大津市園児死傷事故から1カ月 散歩の安全へ模索続く

 大津市の県道交差点で車2台が衝突し、軽乗用車が信号待ちをしていた保育園児らに突っ込んで16人が死傷した事故から8日で1カ月となった。いつもと変わらない楽しい散歩の時間が一転し、悲劇が襲った今回の事故。保育の現場では衝撃と不安が広がっている。交通弱者となる子供をどう守るのか。行政や警察も含めて模索が続く。

◇緊張の表情で…

 「いってきます」

 6月初旬、初夏の日差しが降り注ぐ日の朝。大津市内のある市立保育園の園児たちが散歩に出かけた。楽しそうな子供たちの様子とは裏腹に、引率の保育士の顔には緊張の表情が浮かんでいた。

 この日は約1・6キロ離れた湖岸沿いまで弁当を持参してのピクニック。約30人の園児の移動を4人の保育士が見守る。和やかな雰囲気が続く中、保育士は車や周りの危険から園児を守るため、隅々まで気を配る。

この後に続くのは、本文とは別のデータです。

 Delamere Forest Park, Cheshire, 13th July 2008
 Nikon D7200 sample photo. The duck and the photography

 「車が通る道は気をつけようね」「ここは道が狭くなるから端に寄ろうね」

 交通量の多い交差点や横断歩道では、保育士たちが子供たちを囲むように先頭と真ん中、最後尾に付く。信号待ち中は、車道から離れた場所で待つことを徹底した。散歩に付き添った保育士は「小さな命を預かっている責任は大きく、園児たちに何かあってはならないと細心の注意を払っている」と説明する。

◇誰もが加害者に

 事故後に緊張感が増したのは、保育現場だけではない。

 大津市や滋賀県警はこれまで小中学校の通学路の安全対策を行ってきたが、保育園や幼稚園などの散歩ルートまで十分に行き届いていなかったという。今回の事故を受け、5月末から市内の保育園など約150施設の散歩ルートの点検を開始。さらに6月からは、市が職員91人態勢で散歩ルートなどの安全確保への取り組みを進めるプロジェクトを立ち上げた。

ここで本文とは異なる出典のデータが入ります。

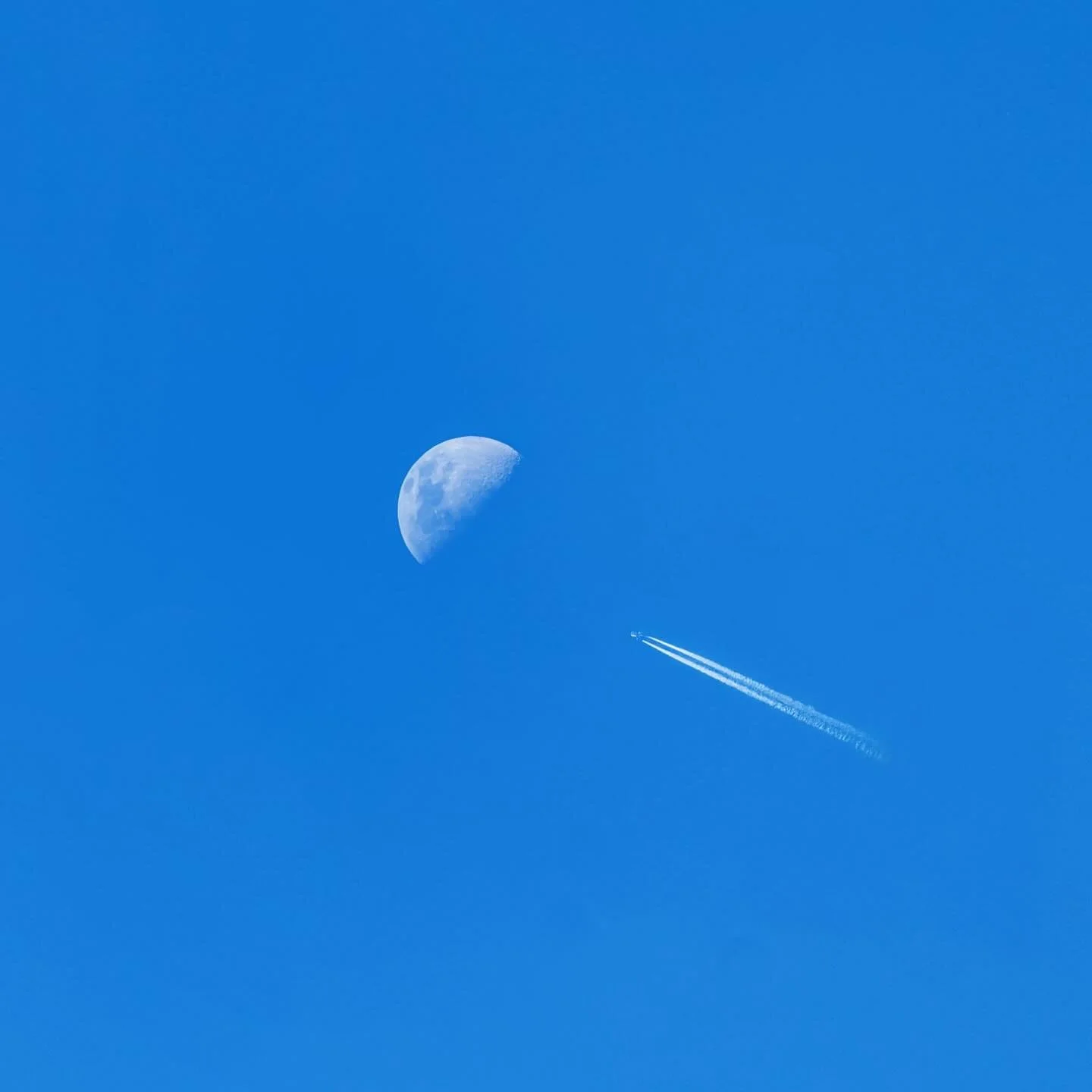 I had my final shoot for the year last night with a gorgeous extended family.  Cant believe another year has drifted by and I kind of feel a sense of sadness with the constant stream of bad news happening in the world and also right here in Australia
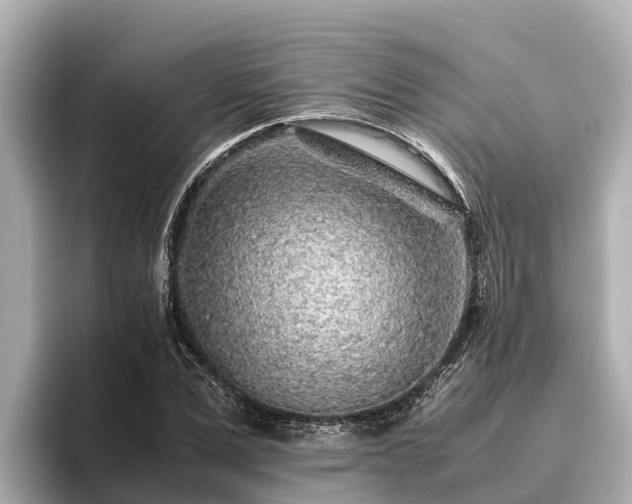 X0000096420975200801311409
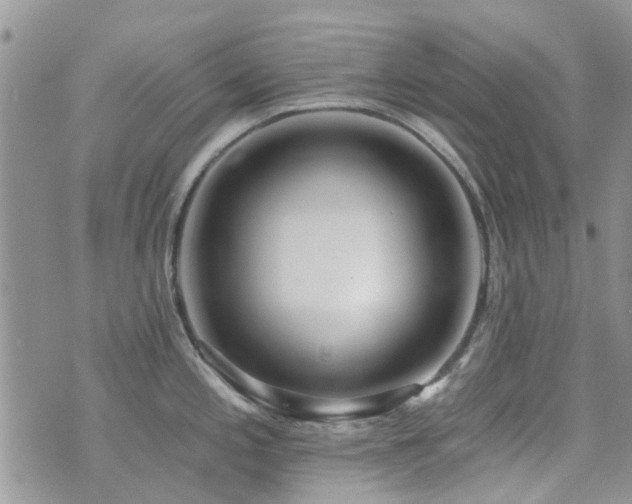 X0000073711197200608031232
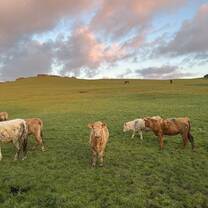 cows in doolin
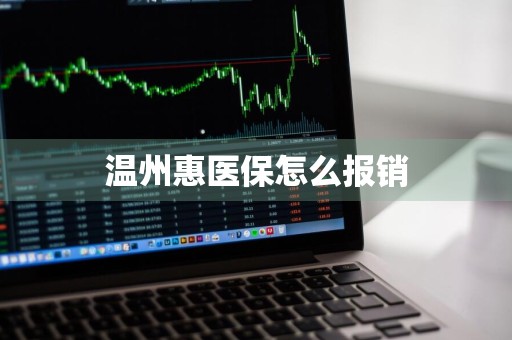 温州惠医保怎么报销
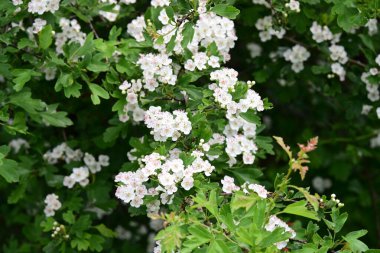 Bahar bahçesinde açan güzel çiçeklerin yakın plan görüntüsü, doğa manzarası               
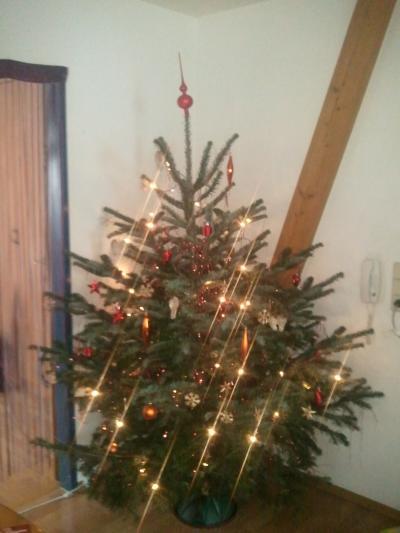 Bild zu hier ein foto von unseren weihnachtsbaum - Schwanger unter 20 - Forum für junge Schwangere und Eltern
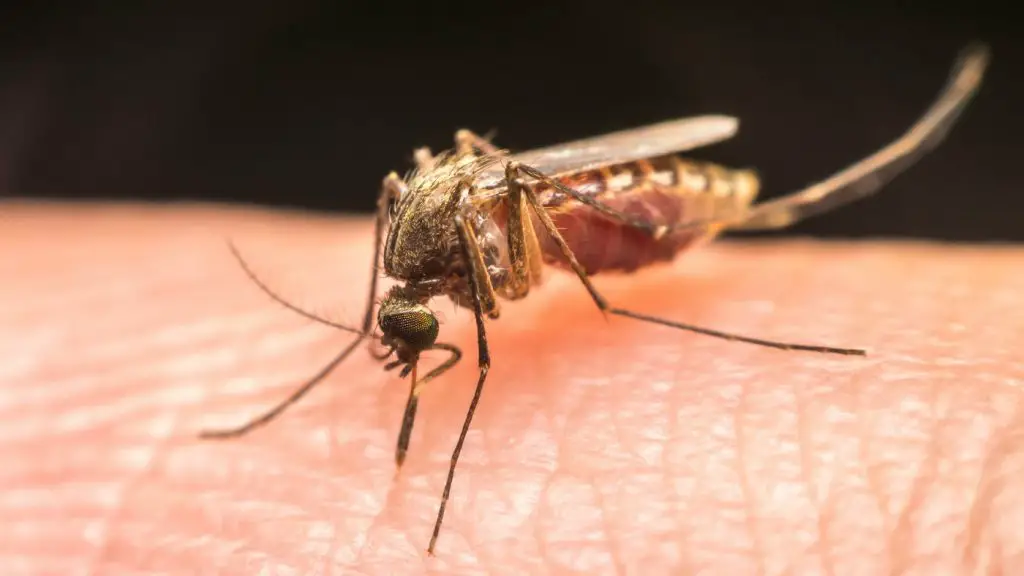 What do mosquitoes eat in the winter?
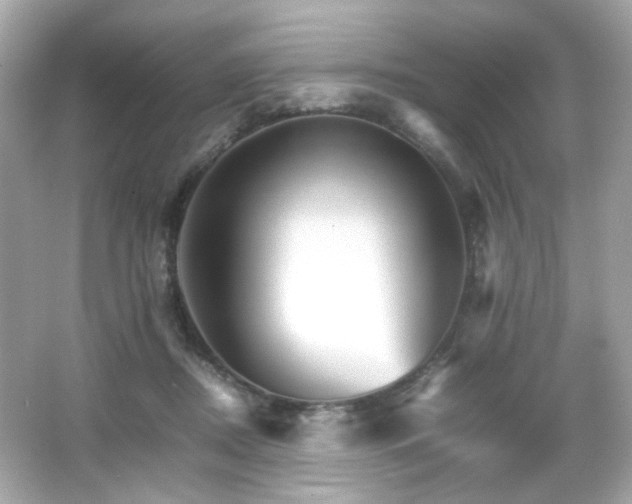 X0000066080362200603101146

 この保育園も点検を受け、市や県警から交通量の多い道路を避けるよう提案をされ、散歩ルートを一部変更した。園長は「交通量が多かったり、車のスピードが出ていたりする場所が改めてわかった。二度と同じような事故が起きないよう園児の安全確保に努めたい」と話す。

 また、点検を受けた散歩ルートのうち、横断歩道や路側帯の区画線が一部消えかかっている箇所があることも判明。道路の不備が原因で車が事故を引き起こす可能性もあるため、対策は急務だ。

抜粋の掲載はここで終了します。